— WHAT THE TASK ASKS —
Look below for the lines from the one with "cute oversized Nike sweatshirt (M)" to the one with "- доставка цветов", and copy exactly those lines, both ends included.

++++ RECORDS TO PROCESS ++++

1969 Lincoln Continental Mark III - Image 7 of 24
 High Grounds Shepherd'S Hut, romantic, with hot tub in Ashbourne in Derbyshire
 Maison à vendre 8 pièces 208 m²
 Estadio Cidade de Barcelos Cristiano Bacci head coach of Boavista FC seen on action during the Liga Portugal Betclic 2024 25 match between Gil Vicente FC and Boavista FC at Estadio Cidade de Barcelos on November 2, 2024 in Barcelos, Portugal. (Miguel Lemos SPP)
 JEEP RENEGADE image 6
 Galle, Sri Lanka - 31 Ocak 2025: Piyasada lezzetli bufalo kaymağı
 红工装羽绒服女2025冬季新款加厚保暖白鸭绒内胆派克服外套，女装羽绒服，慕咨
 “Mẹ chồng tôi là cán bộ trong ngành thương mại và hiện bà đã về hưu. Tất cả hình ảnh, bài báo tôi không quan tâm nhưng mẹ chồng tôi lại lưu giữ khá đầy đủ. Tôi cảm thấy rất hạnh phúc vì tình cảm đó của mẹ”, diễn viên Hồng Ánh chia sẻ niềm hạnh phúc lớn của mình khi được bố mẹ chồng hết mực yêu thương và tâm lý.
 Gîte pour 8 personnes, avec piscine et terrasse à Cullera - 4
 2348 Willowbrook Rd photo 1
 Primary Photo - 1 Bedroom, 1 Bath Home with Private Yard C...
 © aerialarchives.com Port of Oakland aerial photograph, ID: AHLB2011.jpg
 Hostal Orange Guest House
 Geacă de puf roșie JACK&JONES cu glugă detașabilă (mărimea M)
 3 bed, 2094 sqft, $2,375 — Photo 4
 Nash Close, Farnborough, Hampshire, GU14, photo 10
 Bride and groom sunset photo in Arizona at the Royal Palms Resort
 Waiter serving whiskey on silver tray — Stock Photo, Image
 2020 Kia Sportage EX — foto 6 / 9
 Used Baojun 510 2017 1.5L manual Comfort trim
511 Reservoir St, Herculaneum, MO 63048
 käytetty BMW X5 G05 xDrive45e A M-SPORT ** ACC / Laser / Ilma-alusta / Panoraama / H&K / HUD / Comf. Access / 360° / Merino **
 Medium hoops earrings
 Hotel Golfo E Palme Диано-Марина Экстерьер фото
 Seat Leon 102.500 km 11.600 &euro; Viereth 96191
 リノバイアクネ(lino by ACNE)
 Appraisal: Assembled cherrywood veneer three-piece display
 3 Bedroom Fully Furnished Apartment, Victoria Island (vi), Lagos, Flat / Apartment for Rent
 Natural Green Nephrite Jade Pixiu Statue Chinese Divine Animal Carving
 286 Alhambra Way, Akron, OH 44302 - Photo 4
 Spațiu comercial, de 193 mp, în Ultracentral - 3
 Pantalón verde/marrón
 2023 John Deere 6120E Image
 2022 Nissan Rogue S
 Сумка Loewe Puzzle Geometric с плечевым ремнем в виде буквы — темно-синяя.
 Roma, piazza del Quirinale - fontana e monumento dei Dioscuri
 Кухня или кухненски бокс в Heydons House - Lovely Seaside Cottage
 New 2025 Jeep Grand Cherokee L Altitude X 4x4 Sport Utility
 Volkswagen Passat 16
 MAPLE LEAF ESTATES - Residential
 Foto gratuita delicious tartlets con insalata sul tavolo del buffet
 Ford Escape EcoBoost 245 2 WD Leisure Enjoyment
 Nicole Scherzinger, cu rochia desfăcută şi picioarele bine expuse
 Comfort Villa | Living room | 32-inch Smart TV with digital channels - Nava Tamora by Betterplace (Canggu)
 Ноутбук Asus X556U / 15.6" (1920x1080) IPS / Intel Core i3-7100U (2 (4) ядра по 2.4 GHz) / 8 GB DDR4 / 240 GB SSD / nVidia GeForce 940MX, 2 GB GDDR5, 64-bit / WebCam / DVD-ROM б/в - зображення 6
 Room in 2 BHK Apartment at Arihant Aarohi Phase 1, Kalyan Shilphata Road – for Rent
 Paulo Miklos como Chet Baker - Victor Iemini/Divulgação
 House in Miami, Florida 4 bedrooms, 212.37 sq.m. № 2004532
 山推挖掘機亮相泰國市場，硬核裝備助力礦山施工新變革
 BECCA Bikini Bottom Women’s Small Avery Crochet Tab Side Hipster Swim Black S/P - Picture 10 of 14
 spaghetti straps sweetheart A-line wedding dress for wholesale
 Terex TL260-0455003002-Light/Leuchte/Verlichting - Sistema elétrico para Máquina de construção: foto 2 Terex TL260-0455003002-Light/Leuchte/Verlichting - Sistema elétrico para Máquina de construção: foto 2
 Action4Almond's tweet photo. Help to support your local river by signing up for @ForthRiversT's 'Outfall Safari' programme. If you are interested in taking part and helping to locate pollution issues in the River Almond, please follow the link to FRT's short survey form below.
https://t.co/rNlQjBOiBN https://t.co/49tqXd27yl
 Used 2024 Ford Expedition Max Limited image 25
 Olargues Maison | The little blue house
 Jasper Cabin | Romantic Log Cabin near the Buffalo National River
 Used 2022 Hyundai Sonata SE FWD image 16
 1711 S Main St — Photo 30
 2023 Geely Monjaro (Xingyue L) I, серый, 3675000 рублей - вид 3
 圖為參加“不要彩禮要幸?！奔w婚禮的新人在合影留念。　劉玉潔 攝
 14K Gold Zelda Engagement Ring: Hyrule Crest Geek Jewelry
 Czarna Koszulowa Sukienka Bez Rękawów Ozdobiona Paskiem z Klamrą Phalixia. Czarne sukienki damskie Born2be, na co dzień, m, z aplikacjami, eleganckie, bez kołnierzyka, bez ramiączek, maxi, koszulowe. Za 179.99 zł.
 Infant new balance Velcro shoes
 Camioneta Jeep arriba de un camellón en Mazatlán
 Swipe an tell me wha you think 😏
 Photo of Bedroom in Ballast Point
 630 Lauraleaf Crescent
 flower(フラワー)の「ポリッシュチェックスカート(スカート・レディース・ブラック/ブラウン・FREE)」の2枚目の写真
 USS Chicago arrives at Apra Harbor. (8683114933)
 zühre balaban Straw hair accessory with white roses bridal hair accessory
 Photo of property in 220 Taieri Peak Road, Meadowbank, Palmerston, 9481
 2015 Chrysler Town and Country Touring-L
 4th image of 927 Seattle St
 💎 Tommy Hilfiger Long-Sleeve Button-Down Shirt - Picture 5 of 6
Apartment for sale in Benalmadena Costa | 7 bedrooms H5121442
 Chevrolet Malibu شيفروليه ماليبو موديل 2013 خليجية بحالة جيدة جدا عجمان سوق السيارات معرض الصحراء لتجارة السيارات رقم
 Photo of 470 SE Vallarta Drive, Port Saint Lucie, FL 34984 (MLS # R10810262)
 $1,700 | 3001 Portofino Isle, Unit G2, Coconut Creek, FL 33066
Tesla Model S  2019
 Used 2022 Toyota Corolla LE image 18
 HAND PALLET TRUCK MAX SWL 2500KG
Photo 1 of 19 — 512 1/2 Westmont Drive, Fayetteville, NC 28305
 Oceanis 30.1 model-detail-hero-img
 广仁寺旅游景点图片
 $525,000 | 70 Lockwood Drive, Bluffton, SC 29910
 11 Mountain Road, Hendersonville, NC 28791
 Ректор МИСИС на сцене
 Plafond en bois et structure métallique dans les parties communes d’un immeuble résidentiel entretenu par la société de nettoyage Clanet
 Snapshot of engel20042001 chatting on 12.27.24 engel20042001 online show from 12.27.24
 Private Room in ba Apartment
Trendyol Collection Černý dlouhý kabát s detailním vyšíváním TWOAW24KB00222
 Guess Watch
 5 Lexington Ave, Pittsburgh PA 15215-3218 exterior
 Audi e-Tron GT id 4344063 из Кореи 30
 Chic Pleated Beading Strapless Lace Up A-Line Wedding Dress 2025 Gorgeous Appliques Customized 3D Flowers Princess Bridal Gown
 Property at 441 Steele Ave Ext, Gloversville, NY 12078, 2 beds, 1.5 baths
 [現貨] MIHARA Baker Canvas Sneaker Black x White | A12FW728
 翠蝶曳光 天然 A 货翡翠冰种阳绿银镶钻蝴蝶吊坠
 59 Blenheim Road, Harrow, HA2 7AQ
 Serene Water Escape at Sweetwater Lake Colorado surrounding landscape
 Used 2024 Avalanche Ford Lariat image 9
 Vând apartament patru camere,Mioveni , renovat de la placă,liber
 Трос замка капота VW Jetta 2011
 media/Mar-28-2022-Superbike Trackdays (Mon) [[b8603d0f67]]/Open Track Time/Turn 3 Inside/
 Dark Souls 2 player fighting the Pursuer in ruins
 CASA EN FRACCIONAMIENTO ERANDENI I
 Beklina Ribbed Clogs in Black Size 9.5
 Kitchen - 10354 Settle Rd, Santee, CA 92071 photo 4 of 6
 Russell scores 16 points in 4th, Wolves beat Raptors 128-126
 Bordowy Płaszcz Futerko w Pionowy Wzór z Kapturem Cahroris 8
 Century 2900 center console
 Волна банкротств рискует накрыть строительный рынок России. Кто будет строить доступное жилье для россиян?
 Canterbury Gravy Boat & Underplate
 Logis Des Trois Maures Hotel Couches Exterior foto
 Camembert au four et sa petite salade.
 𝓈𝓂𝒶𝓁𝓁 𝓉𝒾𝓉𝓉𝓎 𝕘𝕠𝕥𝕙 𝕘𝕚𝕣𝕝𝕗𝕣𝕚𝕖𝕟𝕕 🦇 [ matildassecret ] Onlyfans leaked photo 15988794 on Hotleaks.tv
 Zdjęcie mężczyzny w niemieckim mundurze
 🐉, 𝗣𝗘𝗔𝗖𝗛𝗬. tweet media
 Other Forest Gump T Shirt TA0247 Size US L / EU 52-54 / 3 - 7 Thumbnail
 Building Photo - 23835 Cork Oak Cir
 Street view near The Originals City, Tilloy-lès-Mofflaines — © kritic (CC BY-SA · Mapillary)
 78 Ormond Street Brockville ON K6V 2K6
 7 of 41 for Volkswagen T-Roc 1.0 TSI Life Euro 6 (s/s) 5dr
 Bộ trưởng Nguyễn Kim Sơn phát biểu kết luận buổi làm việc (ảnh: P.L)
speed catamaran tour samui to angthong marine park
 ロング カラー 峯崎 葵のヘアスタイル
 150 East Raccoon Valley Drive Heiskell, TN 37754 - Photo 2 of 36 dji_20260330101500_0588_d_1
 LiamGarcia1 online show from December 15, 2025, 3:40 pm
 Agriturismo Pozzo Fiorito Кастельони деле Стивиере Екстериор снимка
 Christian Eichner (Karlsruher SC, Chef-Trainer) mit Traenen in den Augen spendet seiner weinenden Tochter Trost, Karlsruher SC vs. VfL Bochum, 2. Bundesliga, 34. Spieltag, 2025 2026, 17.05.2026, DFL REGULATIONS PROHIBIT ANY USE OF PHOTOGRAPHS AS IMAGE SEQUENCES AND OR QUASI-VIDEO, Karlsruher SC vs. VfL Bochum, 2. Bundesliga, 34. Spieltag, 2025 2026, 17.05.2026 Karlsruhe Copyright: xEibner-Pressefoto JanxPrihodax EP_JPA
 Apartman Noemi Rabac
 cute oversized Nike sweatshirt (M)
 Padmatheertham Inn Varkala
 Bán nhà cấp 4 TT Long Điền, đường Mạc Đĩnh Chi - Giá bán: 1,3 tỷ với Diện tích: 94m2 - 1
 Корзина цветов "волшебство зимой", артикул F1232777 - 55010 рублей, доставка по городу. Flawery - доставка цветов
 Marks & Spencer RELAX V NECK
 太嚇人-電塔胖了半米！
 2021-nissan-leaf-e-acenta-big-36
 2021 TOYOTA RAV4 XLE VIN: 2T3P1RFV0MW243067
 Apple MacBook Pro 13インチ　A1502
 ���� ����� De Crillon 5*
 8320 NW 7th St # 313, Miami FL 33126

++++

— SOLUTION TO THIS TASK —
 cute oversized Nike sweatshirt (M)
 Padmatheertham Inn Varkala
 Bán nhà cấp 4 TT Long Điền, đường Mạc Đĩnh Chi - Giá bán: 1,3 tỷ với Diện tích: 94m2 - 1
 Корзина цветов "волшебство зимой", артикул F1232777 - 55010 рублей, доставка по городу. Flawery - доставка цветов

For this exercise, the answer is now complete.